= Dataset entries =
=-=-=-=-=

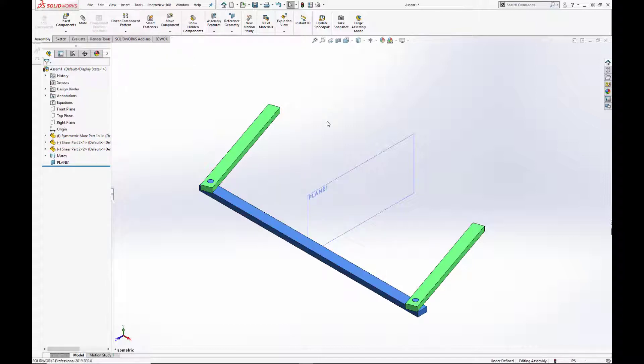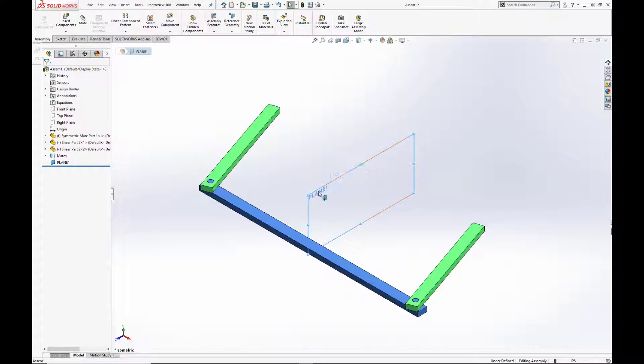Here we have a simple three-part assembly with two flexible arms and a fixed base. We will create a symmetric mate between the arms using plane 1 which runs down the center of the assembly.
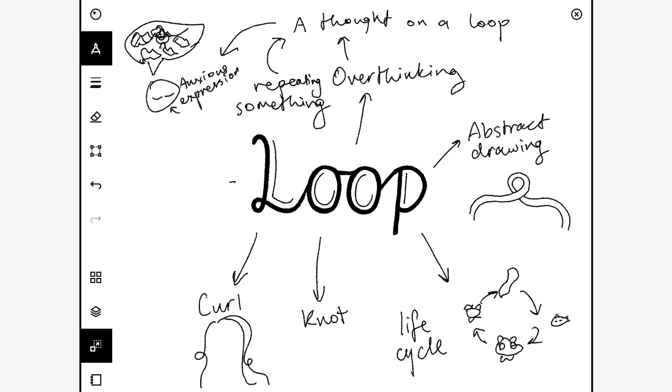Or you could do a drawing of other things that go in a loop, like a cable or a slinky.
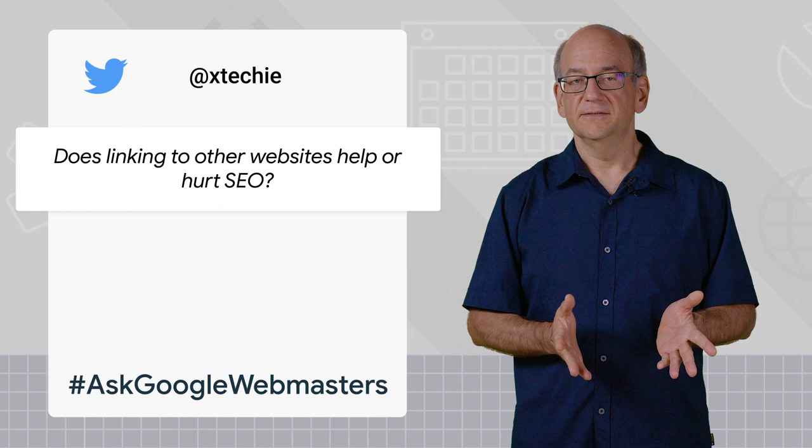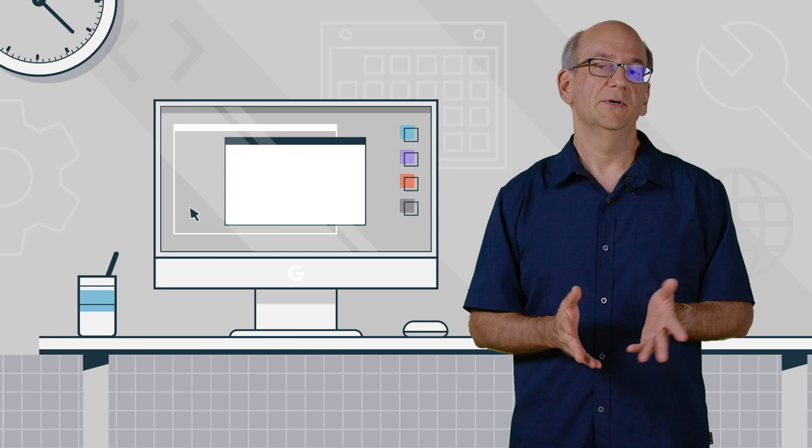Today's question comes from Techie, and it is: does linking to other websites help or hurt SEO?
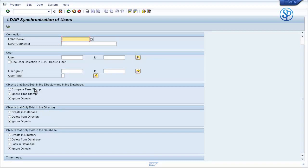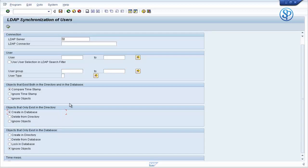When we created the user ID, for creation of the user ID, we used compare timestamp radio button from objects that exist both in directory and database. Because we wanted to create the user ID in SAP, we chose the 'create in database' option in objects that only exist in directory. And in objects that only exist in database, we chose ignore objects. These selection options will create the user ID in the SAP database.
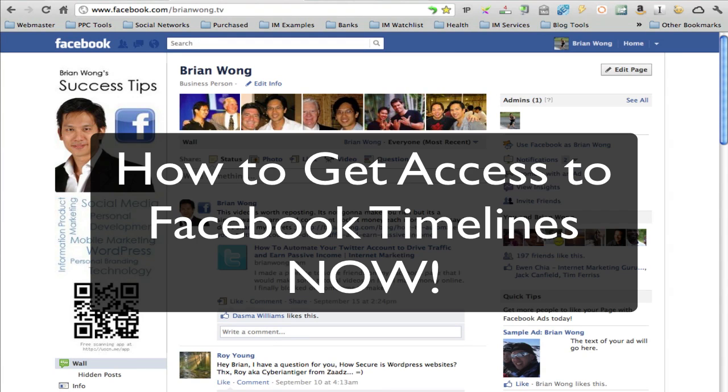Everyone's talking about the new Facebook feature called Timeline that was announced recently. It's not available yet, and this video will show you how to get early access so that you can set it up before it's officially released.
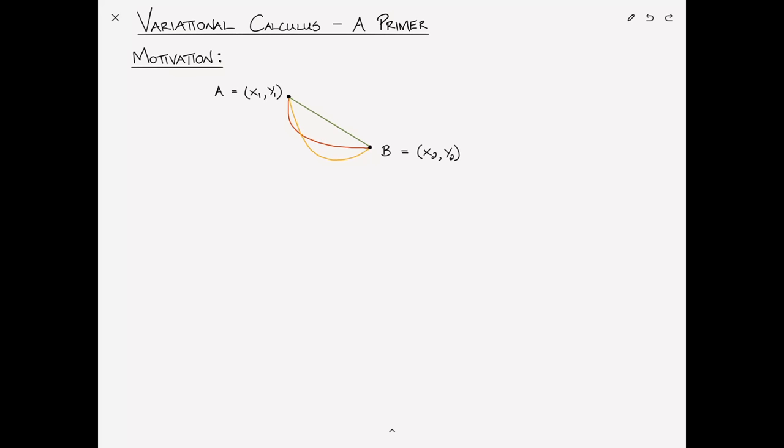Depending on what we're trying to minimize, different paths from A to B might be optimal — perhaps a red path minimizes time, or a blue path minimizes something else. The idea of variational calculus is to find a path that minimizes some sort of function. But a path is just a function, so we're trying to find a function that minimizes another function. This is the key difference between variational calculus and differential calculus: in differential calculus we find a point that minimizes a function; in variational calculus we find a path or function that minimizes another function.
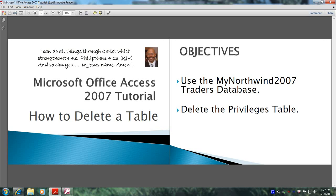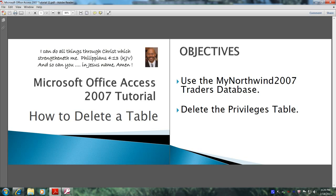Hello, my name is Reginald and welcome to another edition of Microsoft Office Access 2007 tutorial. In this tutorial you will learn how to delete a table. This will be accomplished by meeting the following objectives. We will use the Northwind 2007 traders database and we will delete the privileges table.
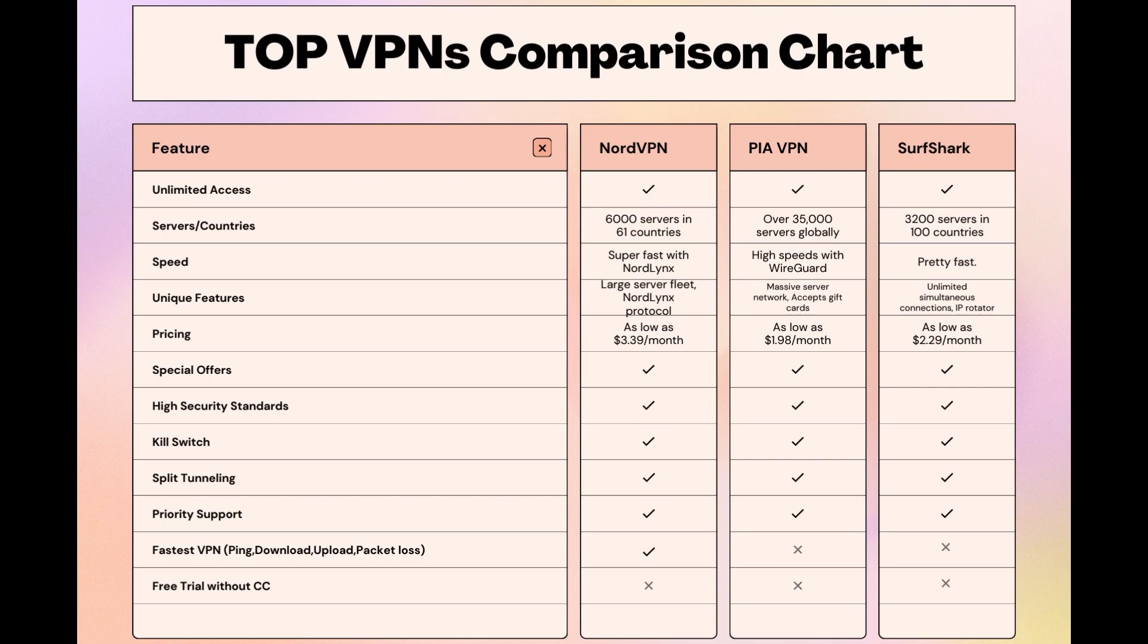Stay informed, ensure your online presence in Singapore is protected, and may your internet experiences be smooth and secure. This concludes our video on the top VPN choices for Singapore. Have a great day!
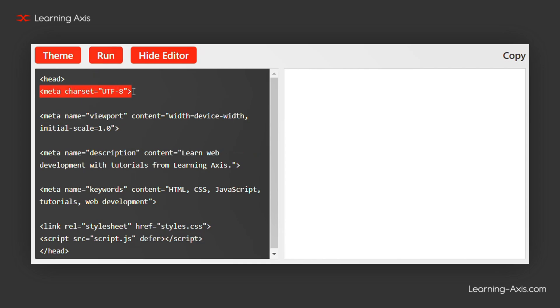Meta Charset ensures the correct character encoding. Meta Viewport makes the page responsive on different devices.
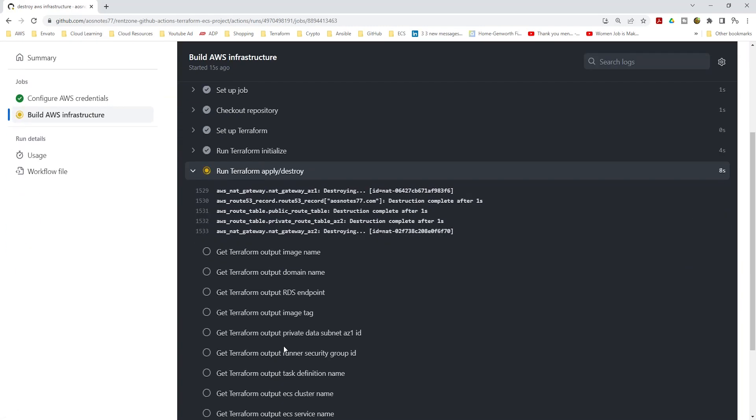By following this process, you can confidently present this project in any interview. If you have any questions, don't hesitate to reach out. And best of luck with your job interviews.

=-=-=-=-=

= To do =
When you write out the data, keep every line exact and drop the pictures.

= Answer to this task =
Here we have a simple three-part assembly with two flexible arms and a fixed base. We will create a symmetric mate between the arms using plane 1 which runs down the center of the assembly.
Or you could do a drawing of other things that go in a loop, like a cable or a slinky.
Today's question comes from Techie, and it is: does linking to other websites help or hurt SEO?
When we created the user ID, for creation of the user ID, we used compare timestamp radio button from objects that exist both in directory and database. Because we wanted to create the user ID in SAP, we chose the 'create in database' option in objects that only exist in directory. And in objects that only exist in database, we chose ignore objects. These selection options will create the user ID in the SAP database.
Everyone's talking about the new Facebook feature called Timeline that was announced recently. It's not available yet, and this video will show you how to get early access so that you can set it up before it's officially released.
Depending on what we're trying to minimize, different paths from A to B might be optimal — perhaps a red path minimizes time, or a blue path minimizes something else. The idea of variational calculus is to find a path that minimizes some sort of function. But a path is just a function, so we're trying to find a function that minimizes another function. This is the key difference between variational calculus and differential calculus: in differential calculus we find a point that minimizes a function; in variational calculus we find a path or function that minimizes another function.
Hello, my name is Reginald and welcome to another edition of Microsoft Office Access 2007 tutorial. In this tutorial you will learn how to delete a table. This will be accomplished by meeting the following objectives. We will use the Northwind 2007 traders database and we will delete the privileges table.
Stay informed, ensure your online presence in Singapore is protected, and may your internet experiences be smooth and secure. This concludes our video on the top VPN choices for Singapore. Have a great day!
Meta Charset ensures the correct character encoding. Meta Viewport makes the page responsive on different devices.
By following this process, you can confidently present this project in any interview. If you have any questions, don't hesitate to reach out. And best of luck with your job interviews.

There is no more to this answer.